O afastamento, solicitado pelo Ministério Público de Pernambuco (MPPE), ocorreu na semana passada, envolvendo também o afastamento de outros seis PMs cujos nomes não foram divulgados. As investigações apontam que a sequência de assassinatos, conhecida como a "Chacina de Camaragibe", teve motivação de vingança pelos óbitos dos soldado Eduardo Roque Barbosa de Santana, 33 anos, e cabo Rodolfo José da Silva, 38, durante uma abordagem em setembro.

O MPPE justificou os afastamentos como medidas cautelares necessárias devido às "condutas que (os PMs) tiveram durante a perpetração dos crimes e pela posição funcional que ocupam, que podem influenciar na continuidade da investigação".

Os afastamentos coincidiram com uma operação da Polícia Civil, denominada Sobejo, que resultou na prisão de cinco PMs (três cabos e dois soldados) e na execução de 20 mandados de busca e apreensão relacionados ao caso. A operação foi liderada pelo Grupo de Operações Especiais (GOE) com apoio da Corregedoria da Secretaria de Defesa Social (SDS). A Polícia Civil não forneceu mais detalhes sobre a operação.

O comandante geral da PM, coronel Tibério César dos Santos, afirmou que ainda iria definir o substituto do tenente-coronel Fábio Roberto Rufino da Silva no comando do 20º Batalhão.

Em relação à defesa dos policiais, o advogado Cézar Souza, representante da Associação de Cabos e Soldados de Pernambuco, expressou sua objeção às prisões, argumentando que os policiais se apresentaram voluntariamente, colaboraram com as investigações e considera as prisões "desarrazoadas". Ele afirmou que aguardará o acesso aos autos para fundamentar suas alegações.

Contextualizando a "Chacina de Camaragibe", os fatos iniciais indicam que os PMs foram até Tabatinga em resposta a uma denúncia de disparos de arma de fogo. Uma abordagem resultou na morte dos policiais durante troca de tiros com o vigilante Alex da Silva Barbosa.

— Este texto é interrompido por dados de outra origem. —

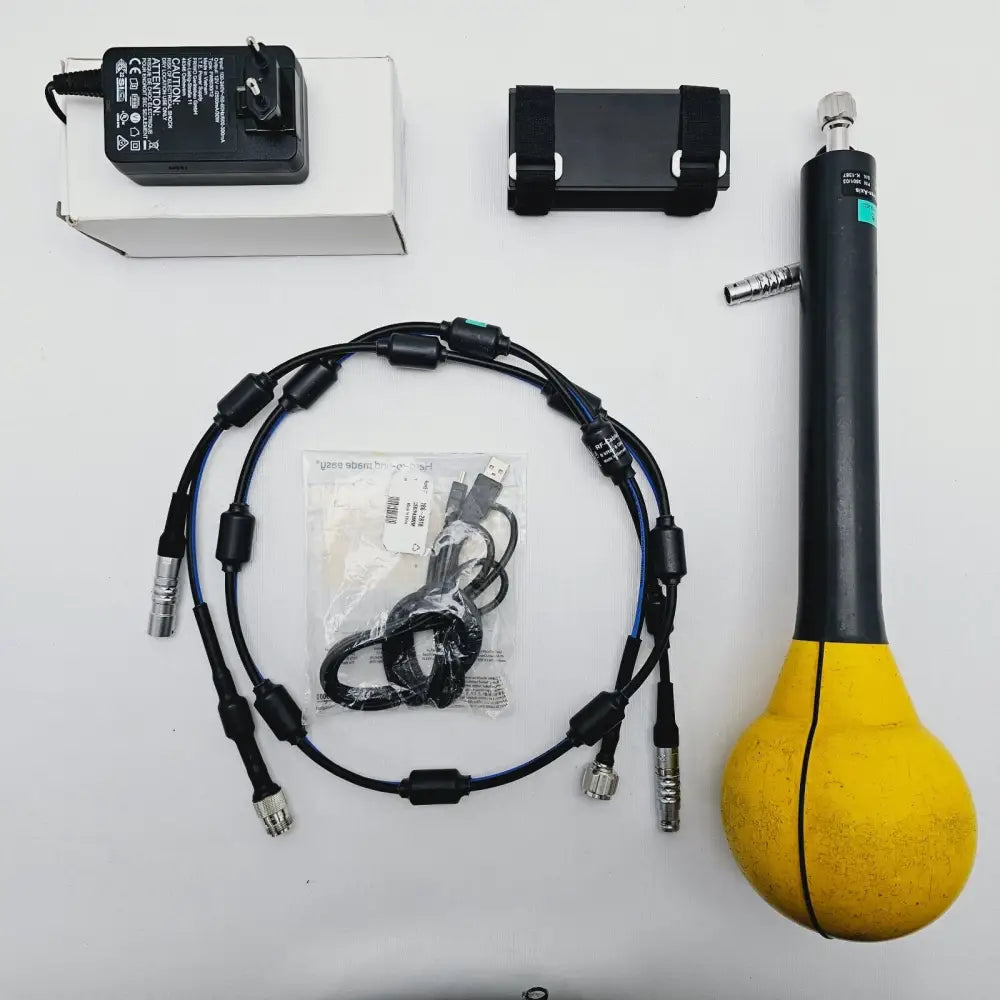 Narda SRM-3006 handheld EMF meter with 3501/03 three-axis E-field antenna attached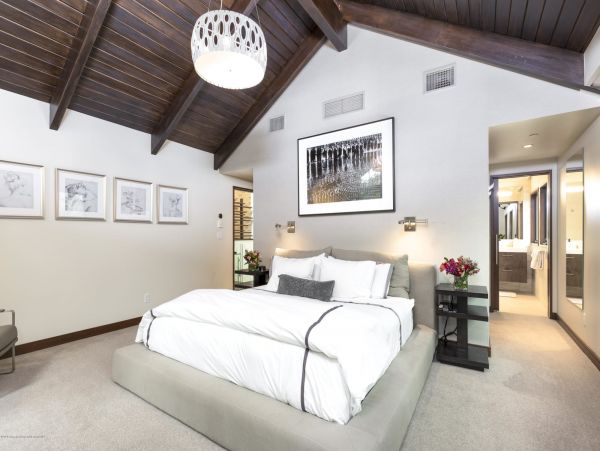 Aspen Luxury Vacation Rental - 5 Bedroom Aspen Core Residence with Mountain Views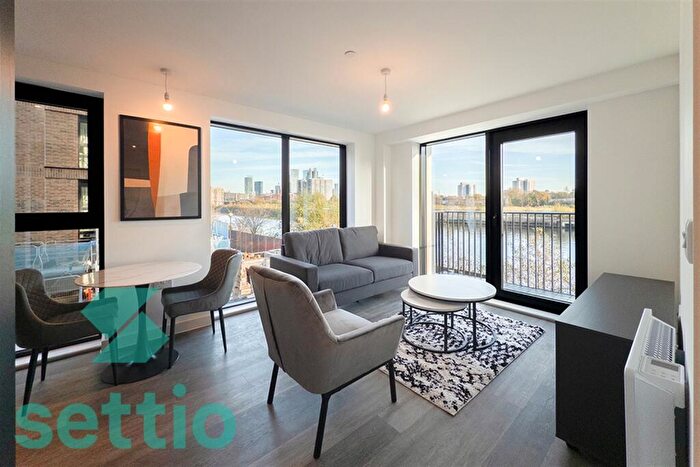 1 Bedroom Apartment To Rent In Berkeley Square, M5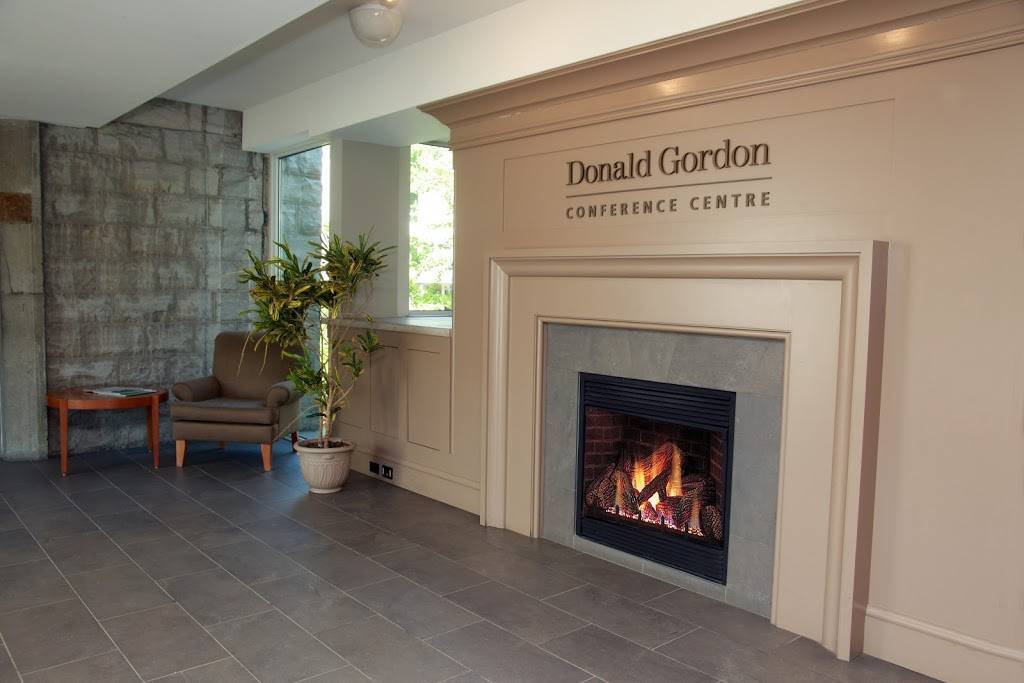 Donald Gordon Conference Centre | restaurant | 421 Union St W, Kingston, ON K7L 3N6, Canada | 6135332221 OR +1 613-533-2221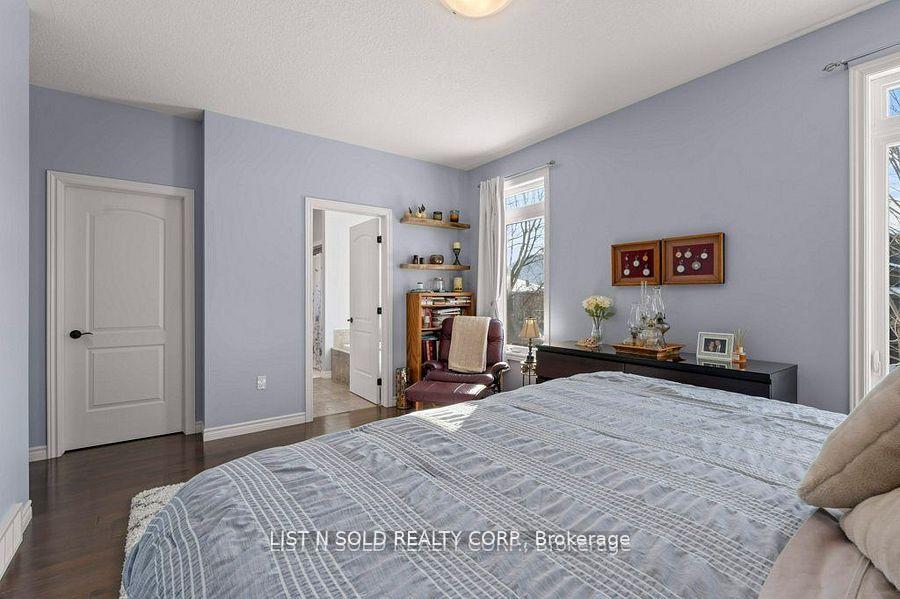 Photo 15 of 892 Roshan Drive, Kingston, City Northwest — HOMEH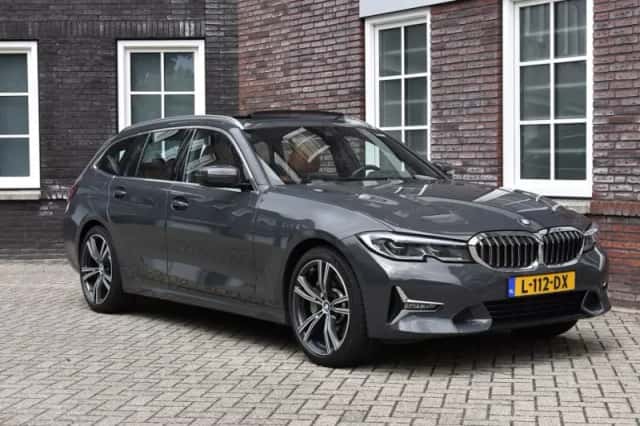 BMW 3-Serie (2021) thumbnail 1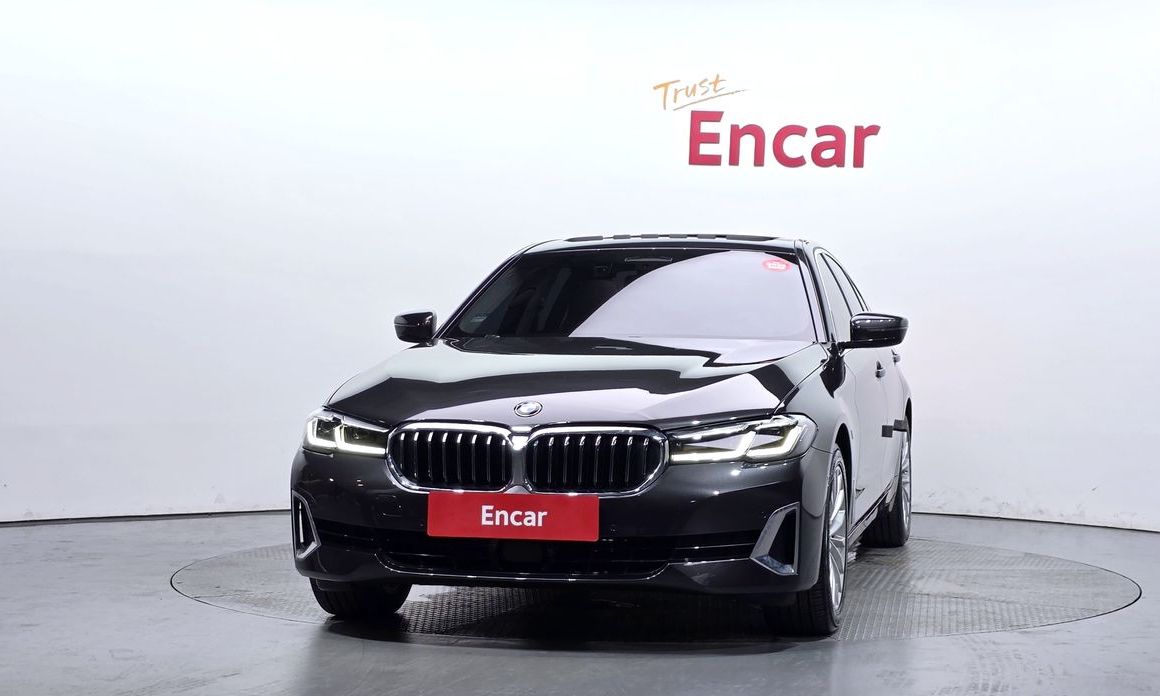 BMW 5-Series 530i xDrive Luxury, 2022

Após esses eventos, ocorreu uma série de assassinatos de parentes de Alex, culminando na tragédia transmitida ao vivo por Ágata Ayanne da Silva, 30, e na subsequente morte de Alex.

Esclarece-se que Alex, registrado como vigilante e com Certificado de Registro de Arma de Fogo (Craf), não possuía antecedentes criminais.